Quando um indivíduo é introduzido no interior de uma câmara com pressão maior que 1 atmosfera (760 mmhg), respirando oxigênio a 100%, podemos afirmar que o mesmo esta recebendo um tratamento de Oxigenação Hiperbárica.

A respiração em 100% de Oxigênio a pressão de 1 atmosfera não constitui Oxigenação Hiperbárica.
Nos últimos três séculos a Oxigenoterapia Hiperbárica já esteve em voga por várias ocasiões, como no momento atual, assim sendo devemos temperar o entusiasmo de hoje como uma dose de análise critica.
Em nosso país, devido à falta de instalação de tal equipamento nos hospitais universitários, não foi possível ter informações adequadas sobre o uso clinico, com as indicações muitas vezes pouco precisas e equivocadas para o método.

Acreditamos que tal fato contribuiu de forma decisiva para o descrédito e desinteresse do assunto no nosso meio.
Após a implantação do Serviço de Medicina Hiperbárica no Hospital das Clinicas da Faculdade de Medicina da UNICAMP ( primeiro hospital civil e universitário a dispor de tal serviço no ano de 1986), inauguramos no Hospital das Clinicas F.M.U.S.P. uma Câmara Hiperbárica tipo monoplace que já no seu primeiro ano de funcionamento foi um sucesso inquestionável, tendo matriculado próximo de 300(trezentos) pacientes nos primeiros dois anos de funcionamento.

A nível mundial a OXIGENAÇÃO HIPERBÁRICA encontra-se bastante difundida: E.U.A. 320centros, ex URSS 1.500, Europa 80, China e Japão 300 centros cada.

Na América temos serviços importantes no Canadá, México, Cuba e Argentina.

Histórico

  • 1662 – Henshaw, na Inglaterra desenvolveu o primeiro uso de uma câmara hiperbárica.
  • 1850 – Desenvolvidas em toda a Europa mais de 50 câmaras hiperbáricas.
  • 1860 – Uso de oxigenoterapia hiperbárica no Canadá .
  • 1878 – Paul Bert descreveu os efeitos convulsivos do oxigênio sob pressão.
  • 1929 – Construído em Cleveland (EUA) câmara para 72 pacientes.
  • 1956 – Uso de oxigenoterapia hiperbárica em cirurgia cardíaca sem circulação extracorpórea.

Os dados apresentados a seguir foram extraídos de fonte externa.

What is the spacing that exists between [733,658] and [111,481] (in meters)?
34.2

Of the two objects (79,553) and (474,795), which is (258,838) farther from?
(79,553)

Autor : Sérgio Vasconcellos Trivellato
Médico formado pela Faculdade de Medicina da universidade Federal de Minas Gerais. (ano 1981).
Assistente da Universidade de Terapia Intensiva do Pronto Socorro do Hospital das Clinicas- Cirurgia do Trauma – Faculdade de Medicina da Universidade de São Paulo – Pós graduado nível Doutorado – Faculdade de Medicina Universidade de São Paulo.
Especialista em Medicina Hiperbárica pela Undersea Medical Society. (EUA).

Tipos de Câmaras:

Câmara Monoplace e Câmara Multiplace

A monoplace abriga um paciente em seu interior, não sendo possível a comunicação direta do Staff com doente. Tem a vantagem de ter um custo mais acessível, ocupar menos espaço, fácil manejo e menor números de médicos e paramédicos necessário para seu funcionamento.

A multiplace pode abrigar até 12 pacientes em seu interior de uma só vez, porém é mais cara, ocupa grande espaço físico, maior número de Staff para funcionamento.

Como Funciona:

No Hospital das Clínicas da Faculdade de Medicina da Universidade de São Paulo, seguimos com rigor as recomendações da UNDERSEA MEDICAL SOCIETY and HIPERBARIC OXIGEN THERAPY committee Report, 1983, revisado em 1992.
Oxigênio Hiperbárico pode ser indicado para as seguintes situações:

  • Gangrena gasosa
  • Doença Descompressiva
  • Embolia Gasosa
  • Necrose por Radiação
  • Queimaduras Térmicas
  • Osteomielites
  • Infecção de tecidos moles(aeróbicas e anaeróbicas)
  • Isquemias periféricas agudas com complicações
  • Enxertos e retalhos comprometidos ou alto risco
  • Micoses Refratárias (actinomicoses, aspergiloses)
  • Intoxicação por CO e Cianeto
  • Anemia pós hemorrágica

Como funciona a oxigenação hiperbárica:

 

Efeitos Primários

  • Hiperoxigenação

Efeitos Mecânico devido o aumento da pressão
De acordo com a lei de Boyle – Pv = K ou seja P = 1/V.
O conhecimento deste fato permite a aplicação em situações tais com:

  • Embolia gasosa
  • Doença do mergulhador

Efeitos Primários

  • Hiperoxigenação
  • Pressão Alveolar de Oxigênio pode ser conhecida de seguinte maneira:
    PA = (Pb – Pv) x Fio2 – pac02
    PA – Pressão de Alveolar
    Pv – Pressão de Vapor (Pv nas aéreas é igual a 47 mmhg)
    Pb – Pressão Baromédica (1 atmosfera é igual a 760 mmhg ao nível do mar)
    Fi02 – Fração inspirada de Oxigênio (100%)
    Assim, um paciente submetido a 3 (ATm) atmosfera de pressão:
    PA = ((3×760) – 47) x 100% – 40
    PA = 2.193 mmhg
    O aumento do Oxigênio dissolvido no plasma é 0,3 V% para mais de 6.0 Volume %

Efeitos Secundários

Vasoconstrição 
A exposição ao oxigênio hiperbárico resulta em vasoconstrição generalizada, entretanto a oxigenação tissular é mantida em níveis satisfatório devido ao aumento de O2 dissolvido no plasma. Estudos tem demonstrado que esta vasoconstrição é da ordem de 20%

Aplicação clinica atribuídas a este efeito podemos citar: – Síndrome do esmagamento e Queimados.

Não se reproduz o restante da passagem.